13. Mai 2012, 09:28 Uhr

Mitglied des Hohen Friedensrats erschossen

Die Friedensgespräche zwischen der afghanischen Regierung und der Taliban haben einen Rückschlag erlitten: Ein ranghohes Mitglied des Hohen Friedensrats wurde von Unbekannten erschossen.

Unbekannte haben in Afghanistan ein ranghohes Mitglied des für die Friedensgespräche mit den radikalislamischen Taliban zuständigen Hohen Friedensrats getötet.
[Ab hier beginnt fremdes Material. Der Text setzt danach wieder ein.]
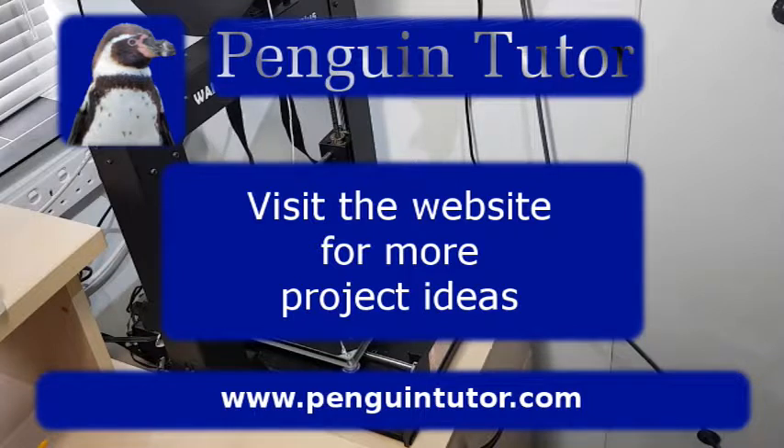I hope you found that useful. If so, please like and share this video. You can also leave a comment below, and if you'd like to see more of my future videos, please follow my channel Penguin Tutor on YouTube.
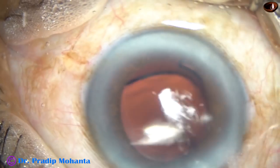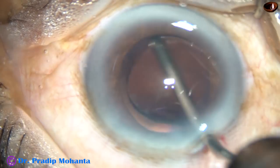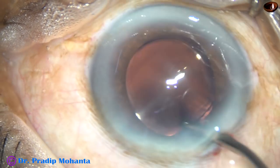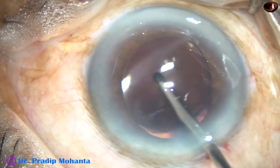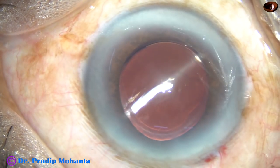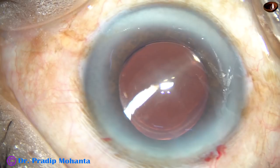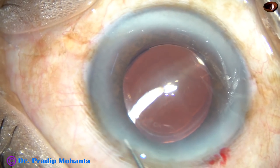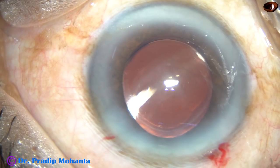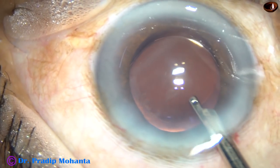Whatever viscoelastic was in the lumen of the cartridge is irrigated out using the irrigating probe of bimanual IA. The lens is dialed by the irrigating probe itself, and the capsular bag is also irrigated. A little bit of moxifloxacin is injected into the anterior chamber, and then the corneal stroma on either side of the stab incision is hydrated so that the paracentesis gets closed.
Arsala Rahmani, ein wichtiger Berater von Staatschef Hamid Karsai, sei in der Hauptstadt Kabul aus einem fahrenden Wagen heraus erschossen worden, sagte ein Sicherheitsbeamter.

Rahmani war unter den Taliban Minister gewesen und galt als wichtiger Unterhändler in den Friedensgesprächen mit den Aufständischen. Er soll Kontakte zu den Aufständischen unterhalten haben, mit denen Präsident Harmid Karsai eine Aussöhnung herbeiführen will. Unter dem Ende 2001 gestürzten Taliban-Regime war Rahmani Vize-Bildungsminister gewesen.

Taliban streitet Beteiligung an Ermordung ab

Ende September war bereits der damalige Chef des Friedensrats, der frühere afghanische Präsident Burhanuddin Rabbani, bei einem Selbstmordanschlag in seinem Haus in Kabul getötet worden. Der Attentäter, der den Sprengsatz in seinem Turban versteckt hatte, hatte sich als Abgesandter des Führungsrates der Taliban ausgegeben.Seine Ermordung war ein schwerer Rückschlag für die Friedensbemühungen in Afghanistan.

Die Taliban hatten kürzlich den Beginn ihrer Frühjahrsoffensive verkündet und damit gedroht, Regierungsangestellte, Ausländer und Angehörige des Friedensrates zu töten. Taliban-Sprecher Sabiullah Mudschahid sagte am Sonntag aber, die Aufständischen seien an der Ermordung Rahmanis nicht beteiligt gewesen. Eine Beteiligung an der Tötung Rabbanis haben die Taliban weder bestätigt noch dementiert.